There's no standard way to do this in CSV, and I haven't seen this in ASN.1 yet (but maybe it's there). Either way, serializing an object graph is the general case, and while CSV, .ini files, Apache-style config files and so on are probably simpler for specific cases, if you want a standardized catch-all solution then XML/XPath is one option, and maybe this google thing is another.
Oh, almost forgot: "arse". Wouldn't want this comment to raise the tone.
May I suggest some proper alternatives:
2. Swamp Donkey
3. Chutney Ferret
6. By George!
Perhaps they would go over better with the tea drinking crowd here, Ted ;-)

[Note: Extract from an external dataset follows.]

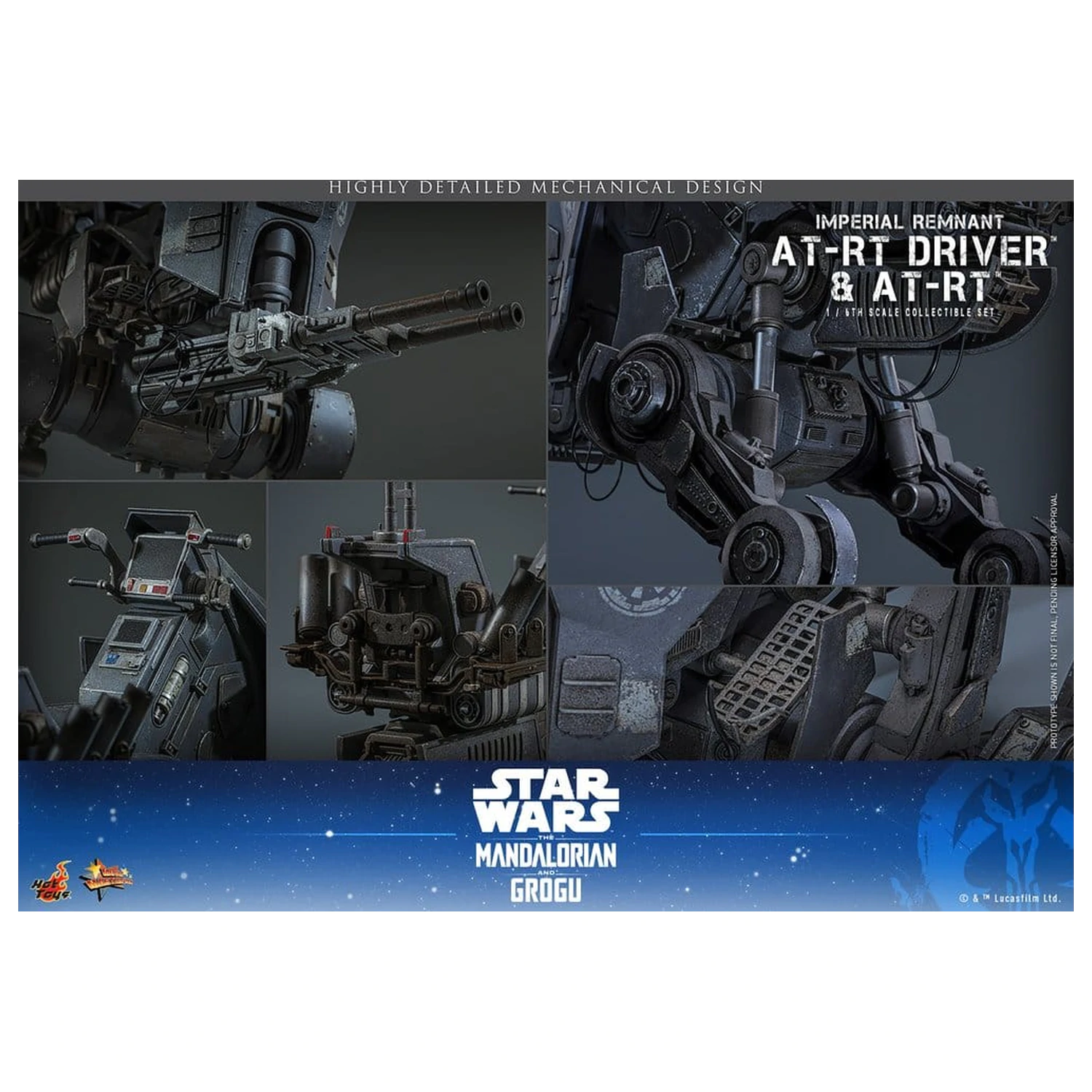 Star Wars: The Mandalorian & Grogu Movie Masterpiece Action Figure Set 1/6 Imperial Remnant AT-RT Driver & AT-RT 60 cm product photo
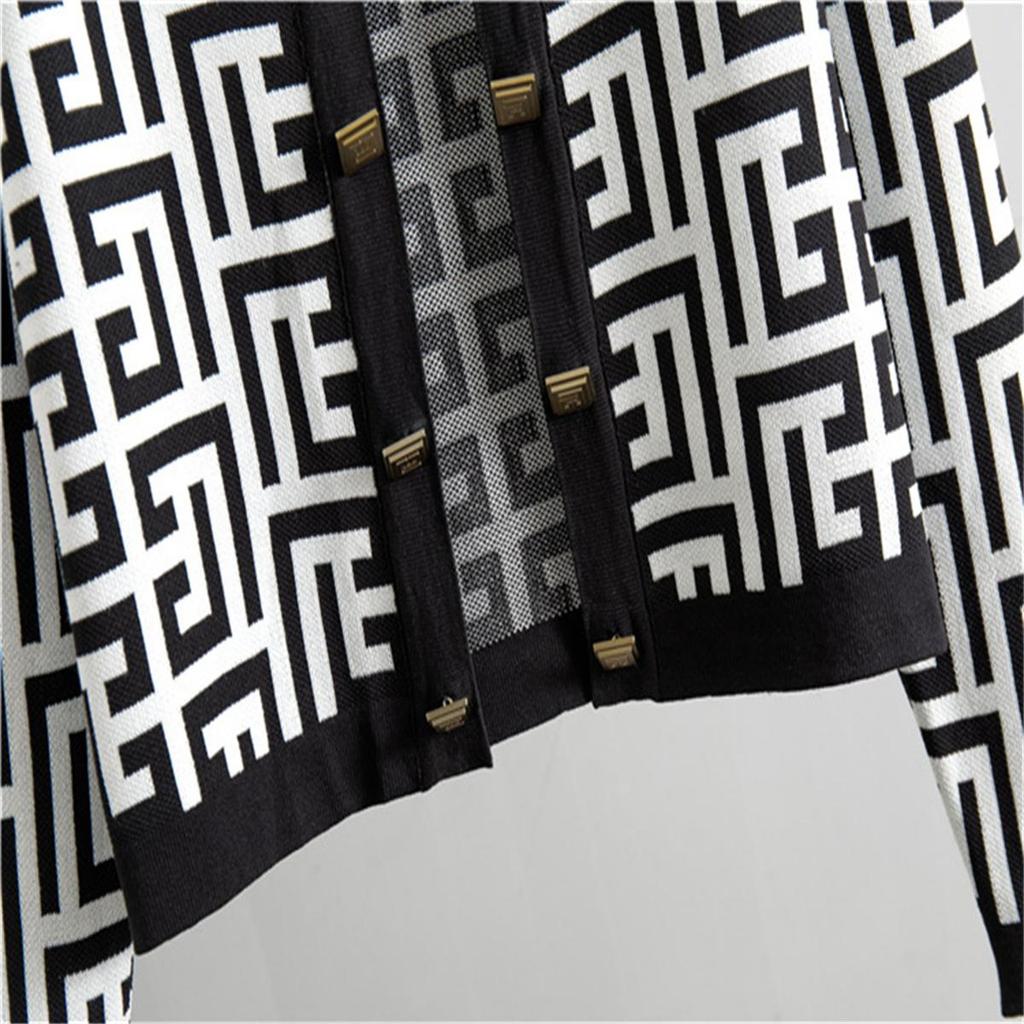 Модный костюм Женский осенний темперамент Вязаный свитер Куртка Жилет Платье Набор из двух предметов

(Commence incineration in 5, 4, 3, 2....)
Sorry, crap article
If your discussing a new technology, tell me what problems it solves, give me an example or two. Tell me in a factual way why it’s something I should invest my time and money in to learn. Don’t tell me I can go home and fuck the prom queen. Although I’m from the UK, I get the impression that most “prom queens” are unintelligent morons that care more about being popular and looks than getting an education. Frank Zappa’s “Valley Girls” springs to mind, “Gag me with a spoon” indeed.
“Thrift failed to gain heavy traction because its name isn't terribly cool, nor does it give way to an acronym that contains the letters J or X.”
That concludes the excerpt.